One morning this past September, following my workout, I noticed a large van unloading many people on Water Street at the NC Estuarium. They were carrying what appeared to be scuba gear as they headed for the boat slips by the Estuarium. My curiosity was piqued, so I made a beeline down to the waterfront to see what they were about.
I discovered that they were graduate students in ECU’s Maritime Studies Program. They were participating in a field study of the underwater remains of the sunken vessels lying on the bottom of the Pamlico River off of Washington. But a small number were assigned to do some terrestrial investigating of any ruins found on Castle Island. I was thrilled when they invited me to meet the group on the island later that day.
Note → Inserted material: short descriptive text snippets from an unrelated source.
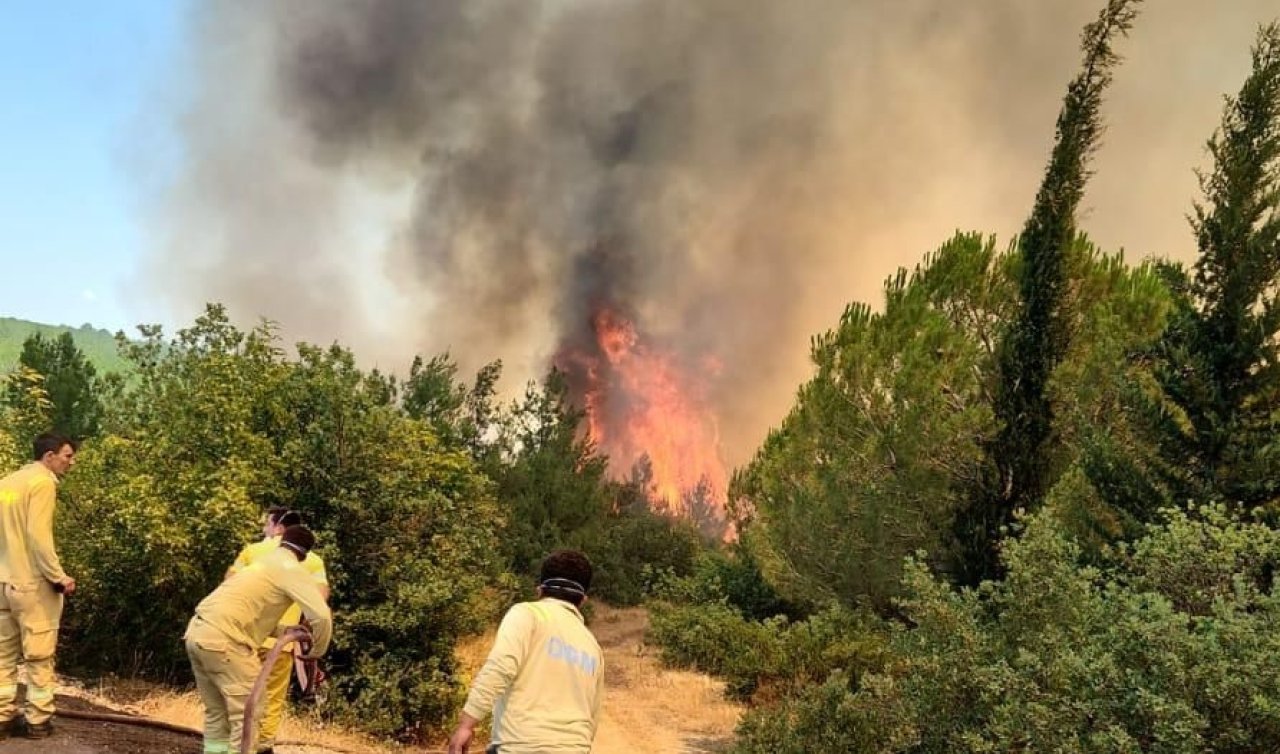 Balıkesir’de ormanlık alanda çıkan yangına müdahale ediliyor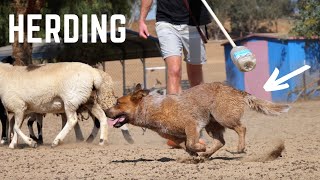 My CATTLE DOG Herding Sheep LIVE ACTION [upl. by Champaigne78]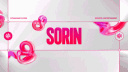 SORIN banner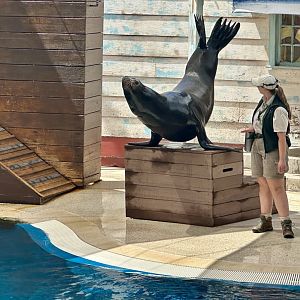 Pinniped Show - California Sea Lion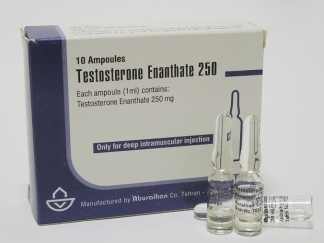 ampoules of Testosterone Enanthate 250mg by Aburaihan Co. Tehran for deep intramuscular injection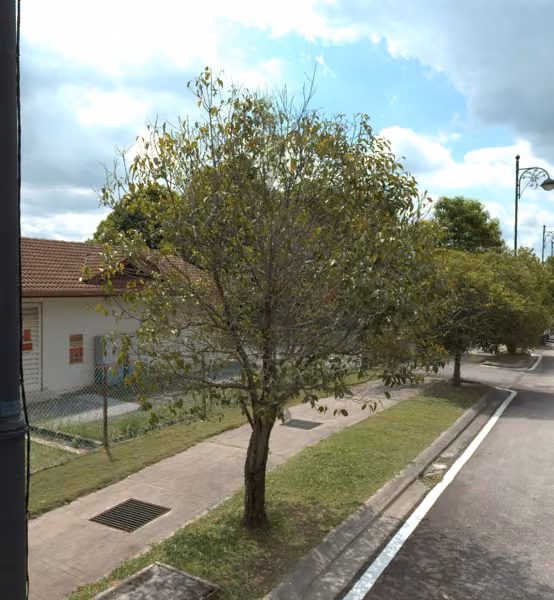 tree photo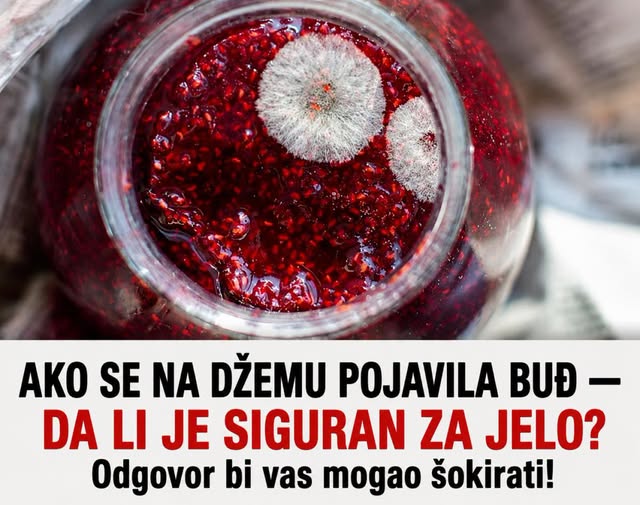 AKO SE NA DŽEMU POJAVILA BUĐ — DA LI JE SIGURAN ZA JELO? Odgovor bi vas mogao šokirati! - featured image AKO SE NA DŽEMU POJAVILA BUĐ — DA LI JE SIGURAN ZA JELO? Odgovor bi vas mogao šokirati! - featured image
I called my friend and local historian Blount Rumley and asked if he wanted to go along, and he immediately responded, “You bet.”
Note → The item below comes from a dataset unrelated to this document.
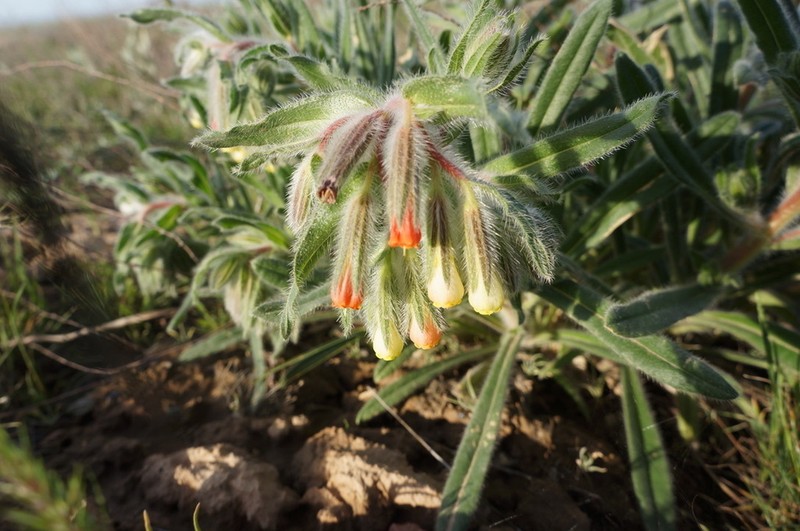 Onosma dichroantha photo 7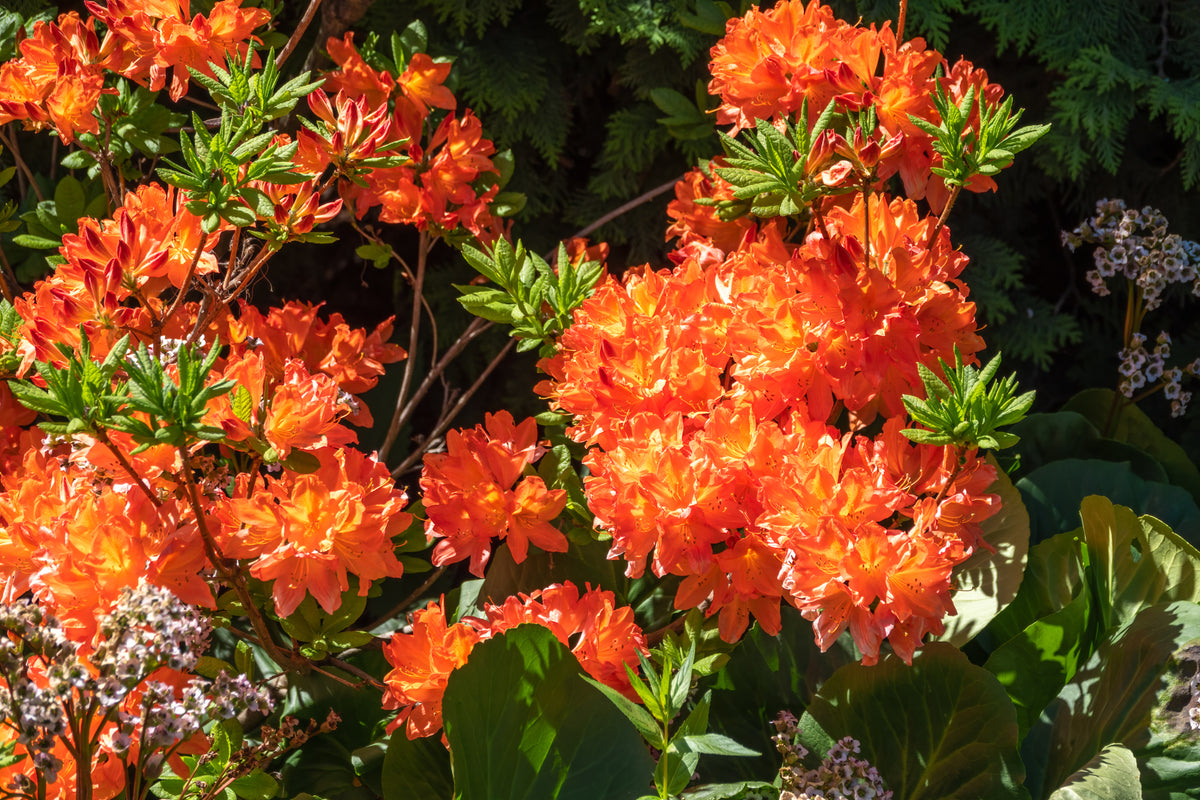 Rhododendron 'Gibraltar', 30-40 cm, 10-pack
The island has been the site of many industries, from warehousing, shipbuilding, and early on the home to a lime kiln used to make quicklime from discarded oyster shells. The quicklime was used in creating plaster and cement. Legend has it that the island’s name derives from the fact that the kiln’s tall smokestacks and structures appeared from a distance to be a castle. Thus, the title Castle Island or, as it was known in the 19th Century, just “The Castle.” This reference to the island first appeared in 1818 when the New England brothers Josiah and Luke Fowle were described as “having established a shipyard, …on the island called ‘The Castle’ in front of the Daniel Marsh home.” Quicklime production on the island persisted into the early part of the 20th Century.
Castle Island has also been the site of activity directly associated with conflict. During the Revolutionary War, the brothers John and Thomas Blount built warehouses on the Island used by the Continental Army to store supplies. During the Civil War, the Union forces constructed a gun battery on the island to contend with the Confederate batteries on the south side of the river.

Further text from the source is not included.